Friday, September 29, 2006

Performance of "I Am Rachel Corrie" in the Heartland

I attendeded a performance of " I am Rachel Corrie" last evening at Purdue University. The Semiotic Society of America is having their annual meeting at this fairly conservative university so I was quite heartened to see an organizer of the SSA encouraging attendance at Katherine Burke's solo production of this play by Alan Rickman and Katharine Viner (produced with permission of Rachel's family) about a young woman's life (and death).

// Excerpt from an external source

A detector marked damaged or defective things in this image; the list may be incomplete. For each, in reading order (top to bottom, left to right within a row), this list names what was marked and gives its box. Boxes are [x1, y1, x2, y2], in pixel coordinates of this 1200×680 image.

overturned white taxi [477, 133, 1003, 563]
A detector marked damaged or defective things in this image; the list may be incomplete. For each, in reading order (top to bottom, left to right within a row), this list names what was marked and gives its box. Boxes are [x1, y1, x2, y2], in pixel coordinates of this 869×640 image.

This play is not about Palestine and Israel - it about a young woman's maturation as chronicled through her writings from age twelve through 23 when when her young life ceased was crushed under an Israeli tank in front of a Palestinian home she was attempting to protect as an ISM member. Youth, self-awareness, recognition of mortality, the sadness that comes with wisdom, family, desire for some modicum of fairness in a world that has none -- these are all themes, strings, and tendrils of meaning that regularly wander in and out of her expressed thoughts as depicted in her journals, emails, and miscellaneous writings through this amazingly aware and articulate young woman explored more deeply, broadly and with more passion in her short life than do most people who live 4 times longer than she did.

This play is not about all the things the hoopla about it imply. It is about a life. See it if you can. Put on your own production of it. Read it.